= I-Space (conceptual framework) =

Framework by Max Boisot for knowledge management

The Information Space or I-Space is a conceptual framework relating the degree of structure of knowledge (i.e. its level of codification and abstraction) to its diffusibility (i.e. how, why, and at what rate it spreads) as that knowledge develops.

== History ==
The model was developed by Max Boisot, and the I-Space framework has been acknowledged as an early influence on the development of the Cynefin framework.

== Use ==
This results in four different types of knowledge.

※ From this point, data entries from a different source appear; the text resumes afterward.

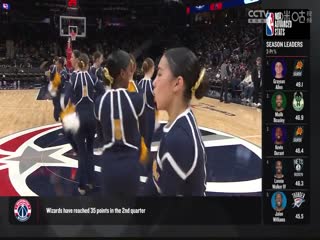 NBA常规赛森林狼VS奇才20240125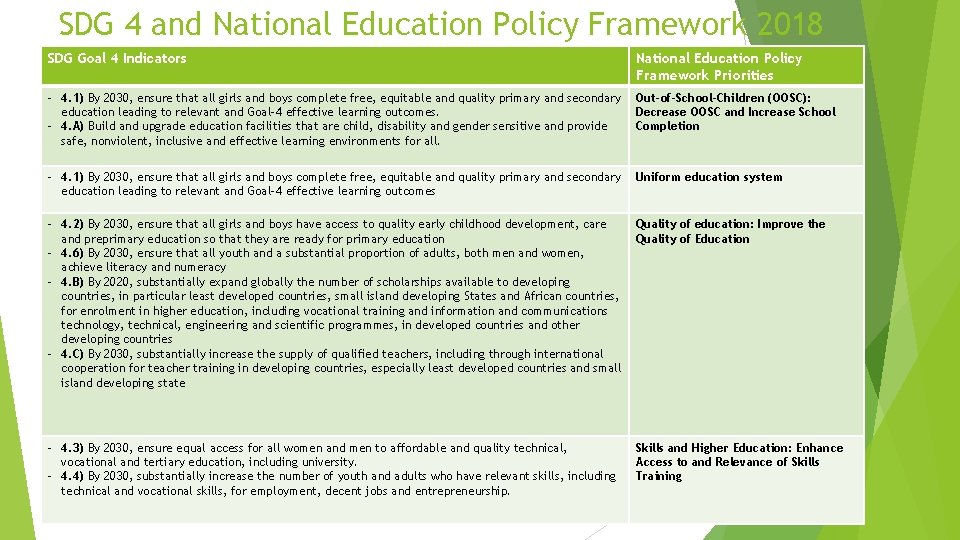 SDG 4 and National Education Policy Framework 2018 SDG Goal 4 Indicators National Education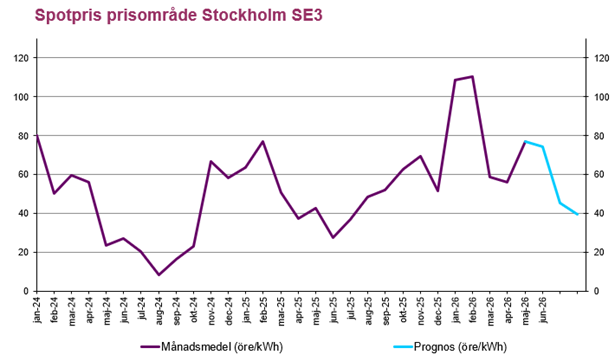 Aktuellt på elmarknaden, prognos SE3 i juni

- Public knowledge, such as textbooks and newspapers, which is codified and diffused.
- Proprietary knowledge, such as patents and official secrets, which is codified but not diffused. Here barriers to diffusion have to be set up.
- Personal knowledge, such as biographical knowledge, which is neither codified nor diffused.
- Common sense – i.e. what ‘everybody knows’, which is not codified but widely diffused.

== Representation ==
The I-Space model is commonly shown as a cube with three axes: abstraction, codification and diffusion. This cube as such spans a three-dimensional "information space". The curve draws a social learning cycle, showing how as knowledge is increasingly moved from concrete experiential Zen type knowledge (insights which can occur suddenly, often equated with a kind of enlightenment) to codified highly abstract (expert language etc.), where it is increasingly easy for it to diffuse independently of the knowledge holder. Once internalised it moves back to the concrete.